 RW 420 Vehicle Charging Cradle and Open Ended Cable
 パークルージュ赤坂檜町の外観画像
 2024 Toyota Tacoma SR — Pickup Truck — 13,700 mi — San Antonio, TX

---

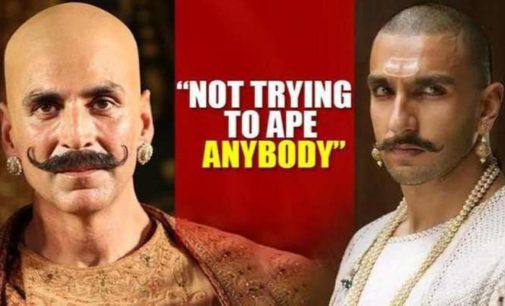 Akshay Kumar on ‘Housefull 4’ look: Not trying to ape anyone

--

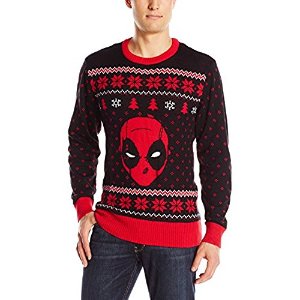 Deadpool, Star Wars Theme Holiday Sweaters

» **WORK REQUEST**:
Set down, exactly as they appear above, all lines from the one that has "RW 420 Vehicle" down to the one that has "2024 Toyota Tacoma", including those two and no others.

» **RESPONSE AREA**:
 RW 420 Vehicle Charging Cradle and Open Ended Cable
 パークルージュ赤坂檜町の外観画像
 2024 Toyota Tacoma SR — Pickup Truck — 13,700 mi — San Antonio, TX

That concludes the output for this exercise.